◆ DATA SHOWN
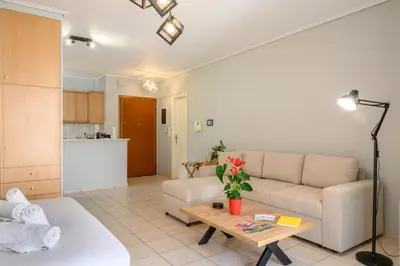 a living room with a couch and a table at The Skyward Flats in Néa Smírni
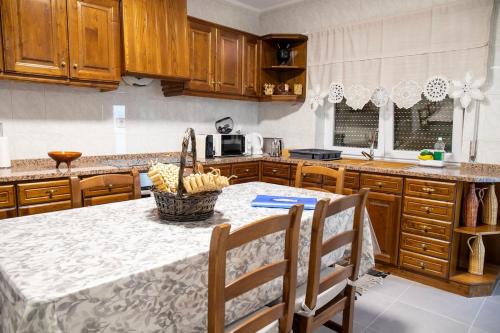 a kitchen with a table with a basket of bananas on it at Refúgio do Varosa in Ucanha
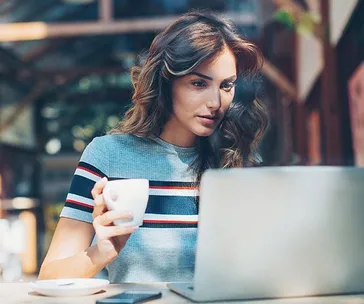 Woman with long hair holding a coffee cup, focused on a laptop screen in a bright, modern setting.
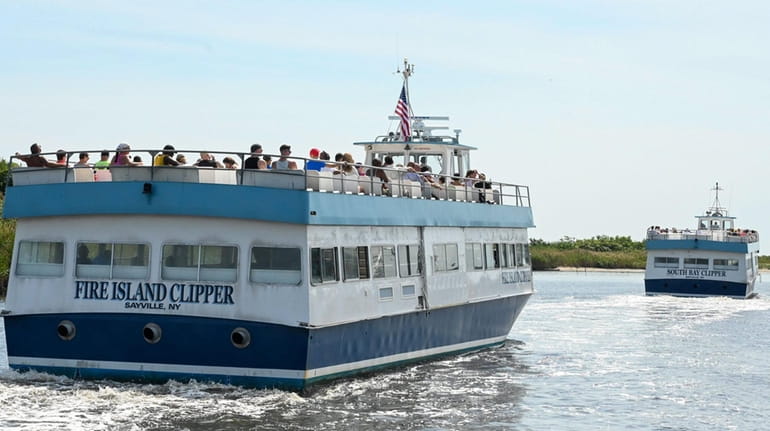 Ferries head to Fire Island from the Sayville Ferry Terminal...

◆ YOUR TASK
Copy all of the data word for word, and keep the pictures out of it.

◆ RESPONSE AREA
 a living room with a couch and a table at The Skyward Flats in Néa Smírni
 a kitchen with a table with a basket of bananas on it at Refúgio do Varosa in Ucanha
 Woman with long hair holding a coffee cup, focused on a laptop screen in a bright, modern setting.
 Ferries head to Fire Island from the Sayville Ferry Terminal...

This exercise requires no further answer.